Sejamos francos: o que esperar de um filme que se baseia num musical da Broadway, que tem como protagonista um ator de X-Men (Hugh Jackman, que faz o papel de Jean Valjean) e Sacha Baron "Borat" Cohen (como Monsieur Thénardier)?
Imagino que você pensaria duas vezes até decidir assistir. Foi o que aconteceu comigo.
Mas havia aquele outro lado. O filme é a obra de Victor Hugo, nada menos que Os Miseráveis. Esta obra, publicada em 1862, foi um dos primeiros best-sellers mundiais, vendendo 7 mil exemplares em um dia, só em Paris. Trata do período de formação da classe trabalhadora parisiense, que vivia em bairros centrais de maneira extremamente precária (lembrando em muito a descrição dos bairros operários ingleses que Engels faz em A Classe Trabalhadora na Inglaterra). Hugo descreve a epidemia de cólera que mata 32 mil pessoas em 1832, jogados em fossas comuns. Foi o estopim para inúmeras revoltas, incluindo as barricadas que derrubam Carlos X e que permanecem até 1848.
Apenas como nota de rodapé, lembro que Hugo tinha como pai um ateu republicano (admirador de Napoleão) e uma mãe católica (defensora da Casa Real). Ressalto este detalhe porque com seu pai na frente de batalha, Hugo foi morar num convento abandonado das Feuillantines, citado em Os Miseráveis. Com a Revolução de 1848, Victor Hugo abandona o catolicismo radical e abraça o republicanismo.
Dito isto, o filme surpreende.
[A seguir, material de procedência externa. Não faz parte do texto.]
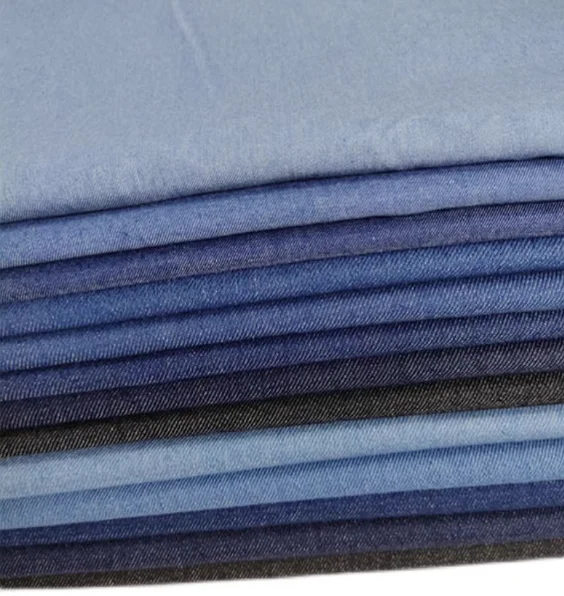 Stretch Pure Cotton Denim Fabric By The Meter for Skirts Coats Sewing Fashion Plain Thick Thin Style Jeans Cloth Breathable Blue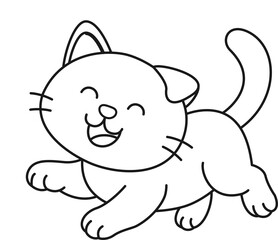 Cartoon Illustration of a Happy Kitten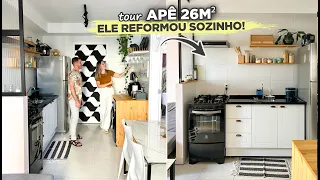 Ele REFORMOU SOZINHO o APÊ de 26M² e ECONOMIZOU MUITO deixando tudo com SEU ESTILO | Gaby Garciia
Primeiro, se concentrou na tradição de ter o texto cantado, fugindo das atualizações recentes de filmes musicais. Acabou por dar um tom mais reflexivo ao texto, porque obriga o espectador a acompanhar o texto para compreendê-lo. Esta escolha acaba por diluir as características marcantes dos atores. Por este motivo, fui pesquisar e acabei por descobrir que Sacha é formado em história pela Universidade de Cambridge! Mais: pesquisava sobre as raízes dos preconceitos contemporâneos!!!
Se a adaptação acaba por escorregar em certo didatismo, o conteúdo da obra é preservado. O sentimento de injustiça e a forte crítica ao establishment são nítidos, chegando ao ápice na cena final. Alguns críticos afirmaram que sentiram uma mera transposição do teatro para a telona. Talvez tenha sido exatamente isto que me atraiu.